Essentially my question is very easy. I want to know where inside the lm
function, the data is subsetted (where the NA
's are removed), based on all the variables used in the formula. The reason that I want to know that, is because I want to sum a variable using only the subsetted data (where the NA
's are removed), and not my full dataset.
Background:
I tried to adapt the lm
function in R
, to account for the correct degrees of freedom when using weights in lm
. I thought the easiest solution would be to count the sum of weights, for the subsetted data, contingent on the selected variables, from within the function.
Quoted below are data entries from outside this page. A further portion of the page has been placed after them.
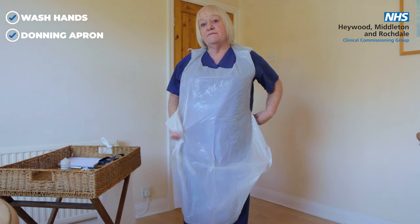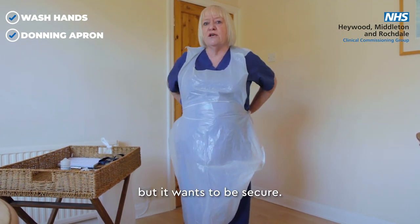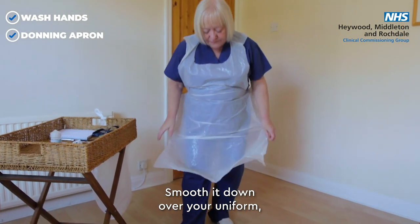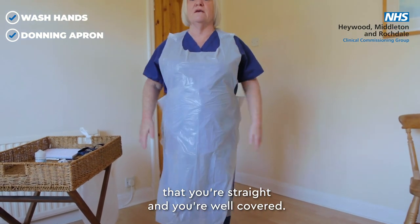Get the ties — not too tight, because you don't want to be constrained, but it wants to be secure. Screw it down over your uniform. Make sure that you're comfortable, that you're straight and you're well covered.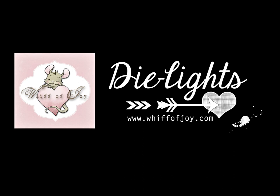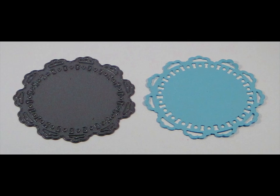Hi! Welcome to Whiff of Joy Stamps presentation of our die lights collection. I will be showing you today our lovely doily die light.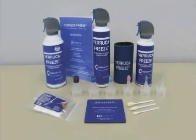Veruca Freeze pays for itself repeatedly and provides a simple, convenient and cost-effective solution for cryosurgery.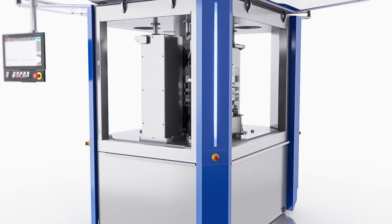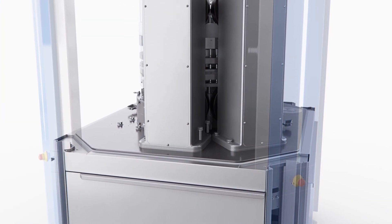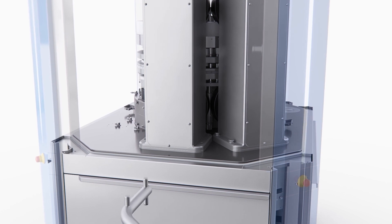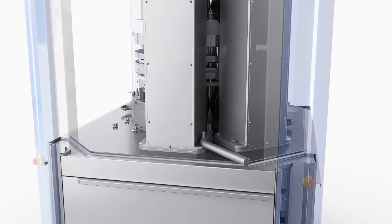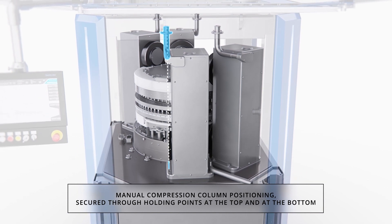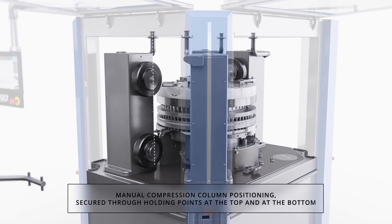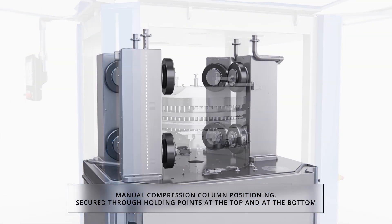The compression columns can be easily repositioned to permit turret exchange or machine cleaning. They are rotated manually around a holding pin located under the column and additionally held to the headpiece by the electrical supply cable at the top of the column. The result is a fully safe procedure.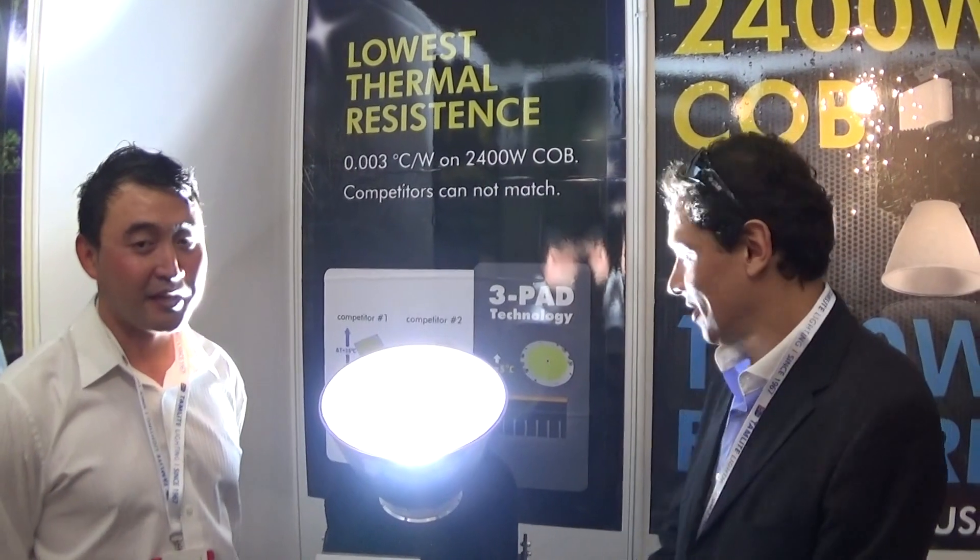The 1200 watts gets you to start at 100,000 lumens. 100,000 lumens, guys. Goodbye HPS. That's right.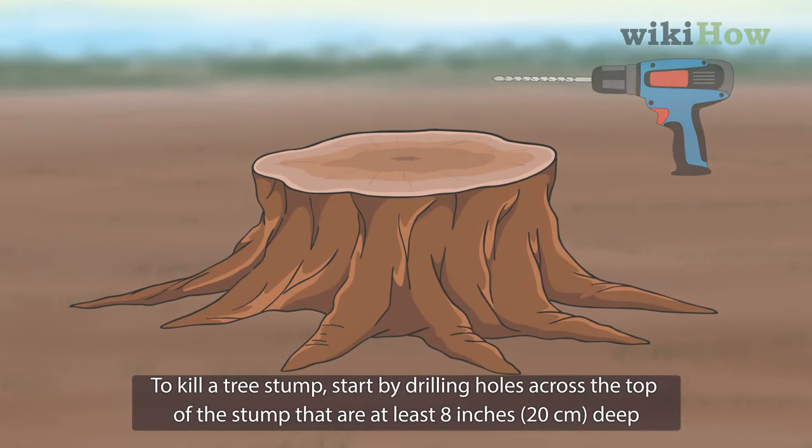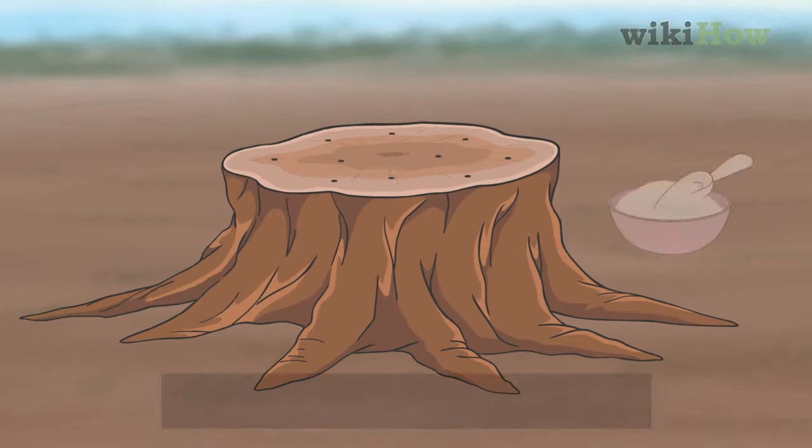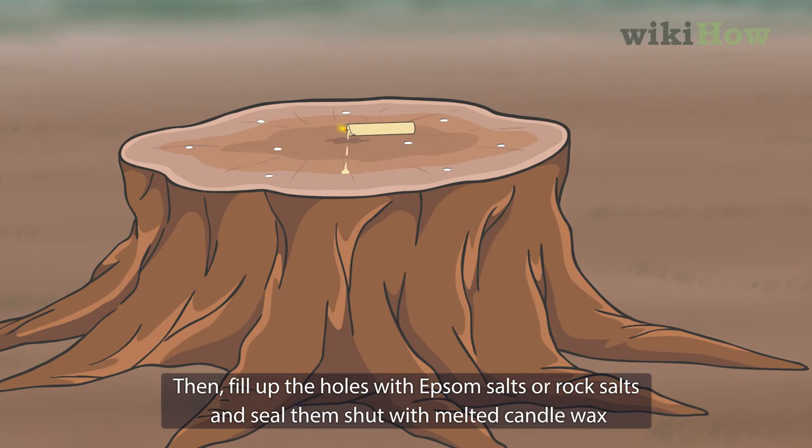To kill a tree stump, start by drilling holes across the top of the stump that are at least eight inches deep. Then fill the holes with epsom salts or rock salts and seal them shut with melted candle wax.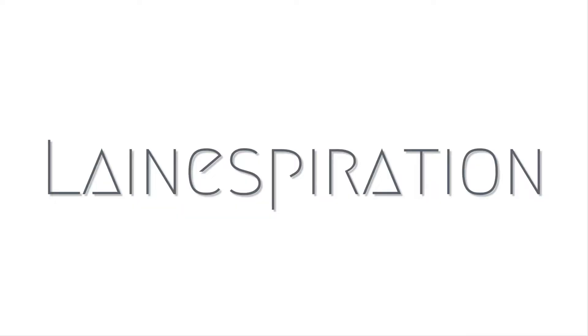Hi guys, welcome back to my channel. Today I'm here to talk to you about DoorDash. I recently started DoorDashing — it's been a really cool new way to get more income — so I'm here to tell you more about how DoorDash works and how much money you can make.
So first I see where lm
subsets the dataset, based on the selected variable and there I count sum(ind$weight_freq)
, which I want to provide as one of the outputs for the function so that I can refer to it.
Example data:
library(dplyr)
set.seed(1024)
# individual (true) dataset
x <- round(rnorm(1e5))
y <- round(x + x^2 + rnorm(1e5))
ind <- data.frame(x, y)
# Create an NA value
ind[1,1] <- NA
ind <- ind %>%
group_by(x, y) %>%
summarize(weight_freq= n())
I started out simply by copying the lm code into a new function, and replacing all <-
with <<-
, to see where the data is subsetted, using lm_plus(y ~ x, data = ind, weights = weight_freq)
, and although I get the error, Error in lm_plus(y ~ x, data = ind, weights = weight_freq) : argument "offset" is missing, with no default
, the code goes far enough for the subsetting to happen (because mf
should be 99999
due to the on NA
, and it is):
lm_plus <- function (formula, data, subset, weights, na.action, method = "qr",
model = TRUE, x = FALSE, y = FALSE, qr = TRUE, singular.ok = TRUE,
contrasts = NULL, offset, ...)
{
ret.x <<- x
ret.y <<- y
cl <<- match.call()
mf <<- match.call(expand.dots = FALSE)
m <<- match(c("formula", "data", "subset",
"weights", "na.action", "offset"),
names(mf), 0L)
mf <<- mf[c(1L, m)]
mf$drop.unused.levels <<- TRUE
mf[[1L]] <<- quote(stats::model.frame)
mf <<- eval(mf, parent.frame())
if (method == "model.frame")
return(mf)
else if (method != "qr")
warning(gettextf("method = '%s' is not supported. Using 'qr'",
method), domain = NA)
mt <<- attr(mf, "terms")
y <<- model.response(mf, "numeric")
w <<- as.vector(model.weights(mf))
if (!is.null(w) && !is.numeric(w))
stop("'weights' must be a numeric vector")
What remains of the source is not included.